The Sunflower
Posted by Ken Cluck in Radical Faith on June 10th, 2011
Yesterday I read Simon Wiesenthal’s book The Sunflower, recounting his concentration camp experiences and concentrating on the day he was summoned to the bed of a dying man. The man was an SS officer who had taken part in the horrible death of many Jews. He wanted to speak to a Jew, any Jew, to seek forgiveness before his death.

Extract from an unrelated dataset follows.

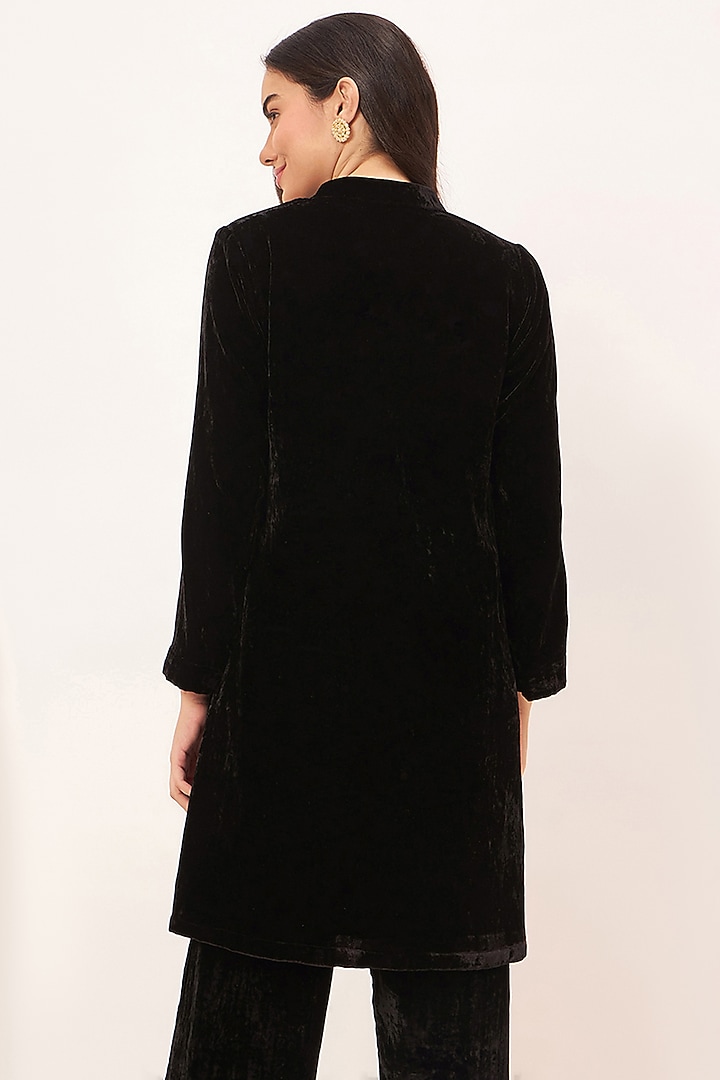 Black Silk Velvet Hand Embroidered Kurta by First Resort by Ramola Bachchan at Pernia's Pop Up Shop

After hearing the man out, Simon’s response was to walk out without saying anything—refusing to forgive. The rest of the book is his wrestling with the decision—did he do the right thing? Several questions are asked throughout the book, the most important for me was whether one has the right to forgive actions done against another. In other words, “If someone sins against a person, does a third person have the right to forgive them for that sin?” Of course those I speak to say sins can only be forgiven by the person sinned against or by God alone. They would agree with Simon’s friend in the camp, Jakob, who said he had no right to forgive the man or even to consider it because those killed were the only ones with that right.
Whether he was right or not, based on his circumstances, I find hard to judge. He ends the book with the question, “What would you have done?” I am old enough to know that I cannot know what I would have done in the same situation because of the magnitude of the events. What Simon and his people were going through was horrible and the whole world was guilty to a degree.
I would contend that the man was not looking for forgiveness in the traditional sense—the removal of sins through confession and absolution—but was looking for a single Jew who would not hold him in revulsion for his crime. This, the author had every right to do and through the rest of the story he spent years wrestling with his own revulsion for the man’s actions.
When we, as Christians, are told to forgive it is for our benefit as well as the benefit of the sinner. It is also an expression of the work of Christ on mankind’s sin. I have spoken in several places about how sins against us are sins against God and his right to forgive those sins through the blood of Christ. We as Christians must come to grips with the fact that sins against us can be covered by the same blood that washes away our own sins. To refuse to forgive is to question the efficacy of Christ’s blood for forgiveness. The type of forgiveness in this book is seldom spoken of—letting go of our right, not to take offense as victim, but to take offense for another.
Forgiving those who sin against us is an admirable and beautiful act of obedience. However, when one sins against another we take offense to that and can feel justified in holding on to it. This must be released into the hands of Christ just like everything else. We must forgive the sins committed against us and forgive the sins done to others by giving up our right to hold the sinner in revulsion.